2021-Dec-03 23:15 UTC

head link

[Libguestfs] [PATCH 10/14] nbd/client: Initial support for extended headers

Update the client code to be able to send an extended request, and
parse an extended header from the server.  Note that since we reject
any structured reply with a too-large payload, we can always normalize
a valid header back into the compact form, so that the caller need not
deal with two branches of a union.  Still, until a later patch lets
the client negotiate extended headers, the code added here should not
be reached.  Note that because of the different magic numbers, it is
just as easy to trace and then tolerate a non-compliant server sending
the wrong header reply as it would be to insist that the server is
compliant.

The only caller to nbd_receive_reply() always passed NULL for errp;
since we are changing the signature anyways, I decided to sink the
decision to ignore errors one layer lower.
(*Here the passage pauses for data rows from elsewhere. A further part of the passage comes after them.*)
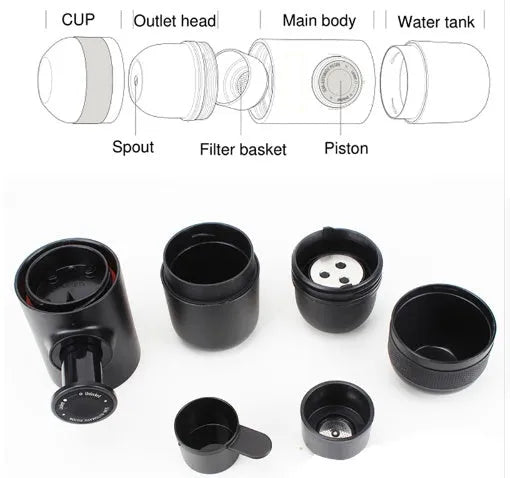 Black portable manual coffee machine measuring 6cm by 17.5cm on a table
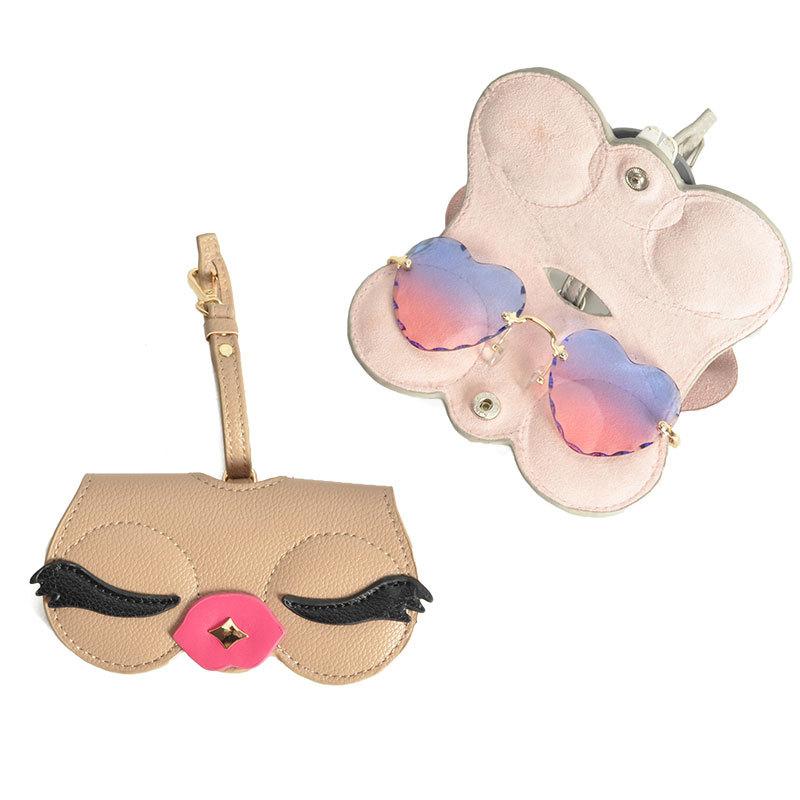 

Portable Sunglasses Bag Cute Luxury Design Ladies Eyeglasses Case Pu Leather Eyeglasses Storage Bag Hanging Eyeglasses Bag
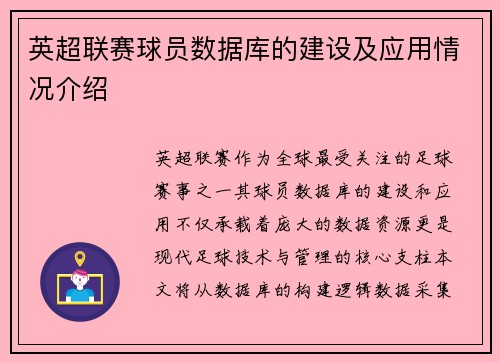 英超联赛球员数据库的建设及应用情况介绍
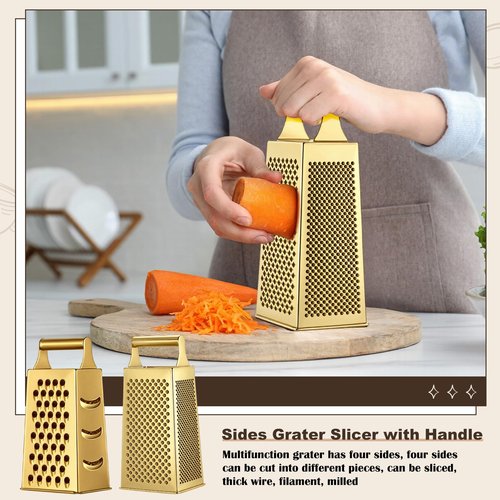 Baderke 6 Pcs Gold Kitchen Accessories Set Includes 3 Gold Mixing Bowls with Airtight Lids Stainless Steel Colander Grater Slicer and Fine Mesh Strainer (Mixing Bowls: 3.7/5/7 Qt, Colander: 5 Qt)
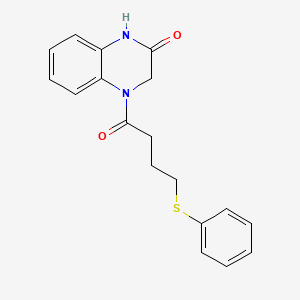 4-(4-(phenylthio)butanoyl)-3,4-dihydroquinoxalin-2(1H)-one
Signed-off-by: Eric Blake <eblake at redhat.com>
---
 include/block/nbd.h |   2 +-
 block/nbd.c         |   3 +-
 nbd/client.c        | 112 +++++++++++++++++++++++++++++++-------------
 nbd/trace-events    |   1 +
 4 files changed, 84 insertions(+), 34 deletions(-)

diff --git a/include/block/nbd.h b/include/block/nbd.h
index 5f9d86a86352..d489c67d98dc 100644
--- a/include/block/nbd.h
+++ b/include/block/nbd.h
@@ -366,7 +366,7 @@ int nbd_init(int fd, QIOChannelSocket *sioc, NBDExportInfo
*info,
              Error **errp);
 int nbd_send_request(QIOChannel *ioc, NBDRequest *request, bool ext_hdr);
 int coroutine_fn nbd_receive_reply(BlockDriverState *bs, QIOChannel *ioc,
-                                   NBDReply *reply, Error **errp);
+                                   NBDReply *reply, bool ext_hdrs);
 int nbd_client(int fd);
 int nbd_disconnect(int fd);
 int nbd_errno_to_system_errno(int err);
diff --git a/block/nbd.c b/block/nbd.c
index 3e9875241bec..da5e6ac2d9a5 100644
--- a/block/nbd.c
+++ b/block/nbd.c
@@ -401,7 +401,8 @@ static coroutine_fn int nbd_receive_replies(BDRVNBDState *s,
uint64_t handle)

         /* We are under mutex and handle is 0. We have to do the dirty work. */
         assert(s->reply.handle == 0);
-        ret = nbd_receive_reply(s->bs, s->ioc, &s->reply, NULL);
+        ret = nbd_receive_reply(s->bs, s->ioc, &s->reply,
+                                s->info.extended_headers);
         if (ret <= 0) {
             ret = ret ? ret : -EIO;
             nbd_channel_error(s, ret);
diff --git a/nbd/client.c b/nbd/client.c
index aa162b9d08d5..f1aa5256c8bf 100644
--- a/nbd/client.c
+++ b/nbd/client.c
@@ -1347,22 +1347,28 @@ int nbd_disconnect(int fd)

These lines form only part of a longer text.